WHAT IS REQUIRED
Up to and including the line with "Steve’s Pizza Palace", restate the records below word for word, beginning with their first line.

(Stored items)
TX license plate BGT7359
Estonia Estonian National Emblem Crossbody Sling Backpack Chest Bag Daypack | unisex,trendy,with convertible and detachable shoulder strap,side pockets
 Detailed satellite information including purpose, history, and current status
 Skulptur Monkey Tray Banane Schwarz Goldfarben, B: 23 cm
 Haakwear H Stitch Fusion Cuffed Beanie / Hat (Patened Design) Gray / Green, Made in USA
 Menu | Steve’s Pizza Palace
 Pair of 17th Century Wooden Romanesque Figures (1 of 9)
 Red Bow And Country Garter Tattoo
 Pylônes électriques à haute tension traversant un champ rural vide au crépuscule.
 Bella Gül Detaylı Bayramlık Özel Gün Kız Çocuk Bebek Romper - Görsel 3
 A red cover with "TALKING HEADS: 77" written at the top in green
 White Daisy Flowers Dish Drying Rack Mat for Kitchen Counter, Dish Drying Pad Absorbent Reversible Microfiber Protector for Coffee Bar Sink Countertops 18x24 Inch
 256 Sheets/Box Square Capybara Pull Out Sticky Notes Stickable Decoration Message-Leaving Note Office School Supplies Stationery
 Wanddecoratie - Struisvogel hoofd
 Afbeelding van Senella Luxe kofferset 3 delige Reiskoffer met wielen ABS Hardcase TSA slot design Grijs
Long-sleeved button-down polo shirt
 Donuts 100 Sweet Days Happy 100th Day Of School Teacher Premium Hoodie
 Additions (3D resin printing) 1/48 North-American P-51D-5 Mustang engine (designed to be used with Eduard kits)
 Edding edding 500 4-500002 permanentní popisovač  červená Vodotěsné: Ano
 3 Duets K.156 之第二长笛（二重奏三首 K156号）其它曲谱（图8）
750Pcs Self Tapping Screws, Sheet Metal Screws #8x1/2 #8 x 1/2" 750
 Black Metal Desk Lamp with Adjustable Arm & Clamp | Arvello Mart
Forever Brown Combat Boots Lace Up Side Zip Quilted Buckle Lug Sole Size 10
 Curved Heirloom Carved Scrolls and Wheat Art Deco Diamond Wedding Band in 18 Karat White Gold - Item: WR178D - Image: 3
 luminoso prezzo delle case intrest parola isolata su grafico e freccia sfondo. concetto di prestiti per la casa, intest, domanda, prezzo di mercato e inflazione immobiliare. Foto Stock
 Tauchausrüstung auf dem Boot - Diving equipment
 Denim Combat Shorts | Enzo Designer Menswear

REPLY TO THE EXERCISE
TX license plate BGT7359
Estonia Estonian National Emblem Crossbody Sling Backpack Chest Bag Daypack | unisex,trendy,with convertible and detachable shoulder strap,side pockets
 Detailed satellite information including purpose, history, and current status
 Skulptur Monkey Tray Banane Schwarz Goldfarben, B: 23 cm
 Haakwear H Stitch Fusion Cuffed Beanie / Hat (Patened Design) Gray / Green, Made in USA
 Menu | Steve’s Pizza Palace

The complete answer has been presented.